Justice Kennedy concluded that this Court’s precedents may allow Los Angeles to impose its regulation in the exercise of the zoning authority, and that the city is not, at least, to be foreclosed by summary judgment. Pp. 1—10.

(a) Under Renton v. Playtime Theatres, Inc., 475 U.S. 41, if a city can decrease the crime and blight associated with adult businesses by exercising its zoning power, and at the same time leave the quantity and accessibility of speech substantially undiminished, there is no First Amendment objection, even if the measure identifies the problem outside the establishments by reference to the speech inside–that is, even if the measure is content based. On the other hand, a city may not regulate the secondary effects of speech by suppressing the speech itself.
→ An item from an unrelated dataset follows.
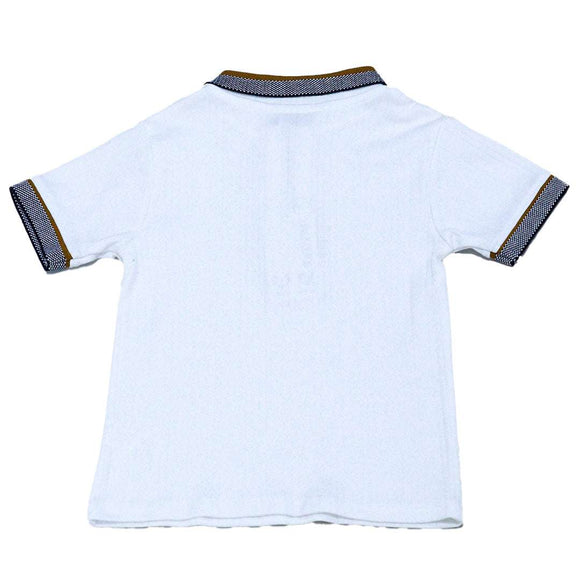 Bjr White Jacquard Polo T Shirt Nawao.com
For example, it may not impose a content-based fee or tax, see Arkansas Writers’ Project, Inc. v. Ragland, 481 U.S. 221, 230, even if the government purports to justify the fee by reference to secondary effects, see Forsyth County v. Nationalist Movement, 505 U.S. 123, 134—135. That the ordinance at issue is more a typical land-use restriction than a law suppressing speech is suggested by the fact that it is not limited to expressive activities, but extends, e.g., to massage parlors, which the city has found to cause the same undesirable secondary effects; also, it is just one part of an elaborate web of land-use regulations intended to promote the social value of the land as a whole without suppressing some activities or favoring others. Thus, the ordinance is not so suspect that it must be subjected to the strict scrutiny that content-based laws demand in other instances. Rather, it calls for intermediate scrutiny, as Renton
held. Pp. 2—5.

(b) Renton’s description of an ordinance similar to Los Angeles’ as “content neutral,” 475 U.S., at 48, was something of a fiction. These ordinances are content based, and should be so described. Nevertheless, Renton’s central holding is sound. Pp. 5—6.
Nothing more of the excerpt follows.